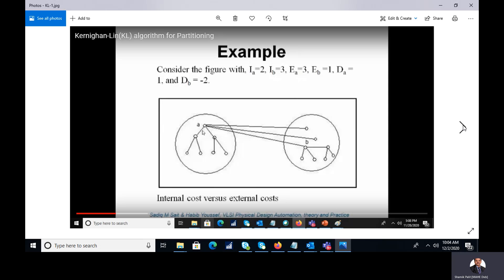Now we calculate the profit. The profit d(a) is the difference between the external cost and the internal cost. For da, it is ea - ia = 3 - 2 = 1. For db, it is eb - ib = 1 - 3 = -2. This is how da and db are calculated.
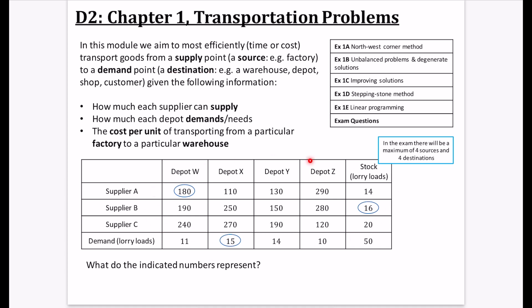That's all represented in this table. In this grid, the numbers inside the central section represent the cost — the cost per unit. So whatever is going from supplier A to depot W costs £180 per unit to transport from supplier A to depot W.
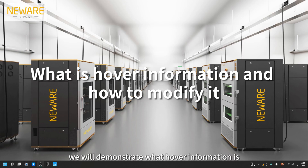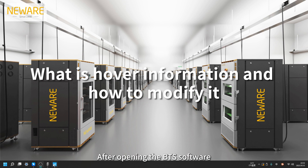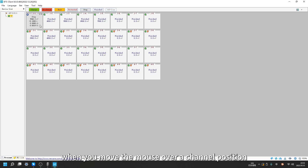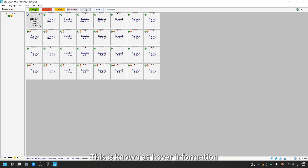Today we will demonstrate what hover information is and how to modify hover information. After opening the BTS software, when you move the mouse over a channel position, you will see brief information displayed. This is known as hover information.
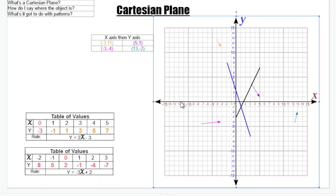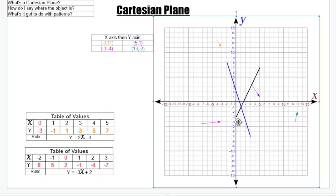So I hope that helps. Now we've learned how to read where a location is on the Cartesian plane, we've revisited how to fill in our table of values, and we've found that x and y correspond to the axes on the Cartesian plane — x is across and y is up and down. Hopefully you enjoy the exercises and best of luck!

WHAT THE EXERCISE ASKS:
What is needed is the full material, retyped unchanged, with no pictures in it.

EXERCISE RESULT:
Now we calculate the profit. The profit d(a) is the difference between the external cost and the internal cost. For da, it is ea - ia = 3 - 2 = 1. For db, it is eb - ib = 1 - 3 = -2. This is how da and db are calculated.
That's all represented in this table. In this grid, the numbers inside the central section represent the cost — the cost per unit. So whatever is going from supplier A to depot W costs £180 per unit to transport from supplier A to depot W.
Today we will demonstrate what hover information is and how to modify hover information. After opening the BTS software, when you move the mouse over a channel position, you will see brief information displayed. This is known as hover information.
So I hope that helps. Now we've learned how to read where a location is on the Cartesian plane, we've revisited how to fill in our table of values, and we've found that x and y correspond to the axes on the Cartesian plane — x is across and y is up and down. Hopefully you enjoy the exercises and best of luck!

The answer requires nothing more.